After a box lunch break, the afternoon session opened with a “vision” talk by Steve Brazen, executive assistant as Catholic Social Services, who expressed hope that the Church can be the reconciler, the social pioneer in the struggle against racism. The external situations; white flight, exclusionary zoning, inferior school systems, lack of equal opportunities, affect parishes in their attitudes to blacks and other minorities, he said, and hurt the internal, spiritual life of the parish.

“How do you deal with people who want to move? How do we experience reconciliation and forgiveness? The Church can play the role of reconciler and bring people together. We must touch the hearts of people.
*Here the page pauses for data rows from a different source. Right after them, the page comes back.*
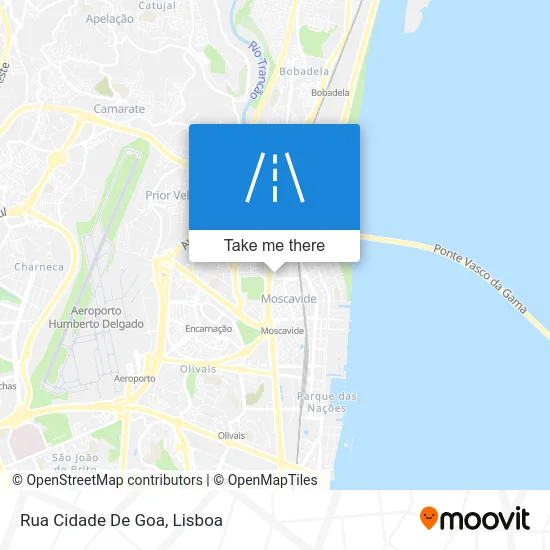 Rua Cidade De Goa map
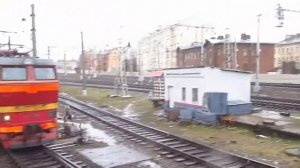 В депо СПб-Московский. 2017 январь. Почти все эти ЧС2Т уже списаны.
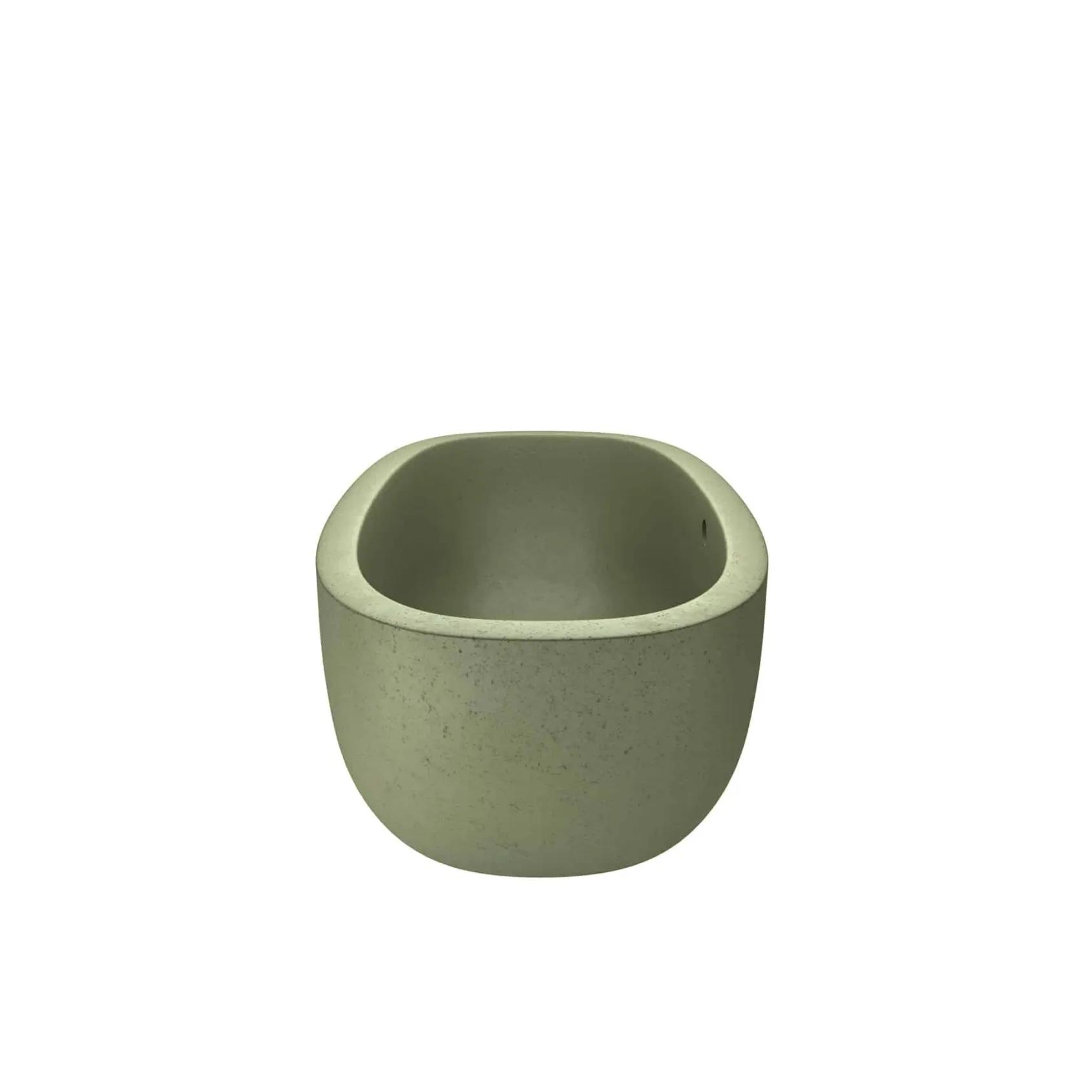 Native Trails 72" NativeStone Concrete Avalon Freestanding Bathtub, Sage, NST7236-G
Brazen sees encouraging signs in parishes that are asking “How do we bridge the gap?” in bringing blacks, Hispanics, Vietnamese and other minorities into the mainstream of parish life. “There are not a lot of answers but the fact that people are looking gives me hope. People going to night shelters gives me hope.”

We have the possibility, he said, the vision of comprehensive love, for caring for everybody in the parish. And we have to find a way, he insists, to “bring the prejudiced person to the table with us. We have to be compassionate, not self-righteous. You and I can be pioneers to break out of those boxes on the local level. When we step out of that box and touch the unknown we have life.”

Brazen believes that at the parish level, “we have everything we need to deal with this issue.” If we decide that the effort should be extended to everything within the geographical boundaries “we might be able to pioneer and show other denominations how to deal with the issue.”

Brazen quoted H. Richard Niebuhr, contemporary protestant theologian, on the ideal church: “Church meets its social responsibility when, in its own thinking, organization and action, it functions as a world society undivided by race, class or national interest.”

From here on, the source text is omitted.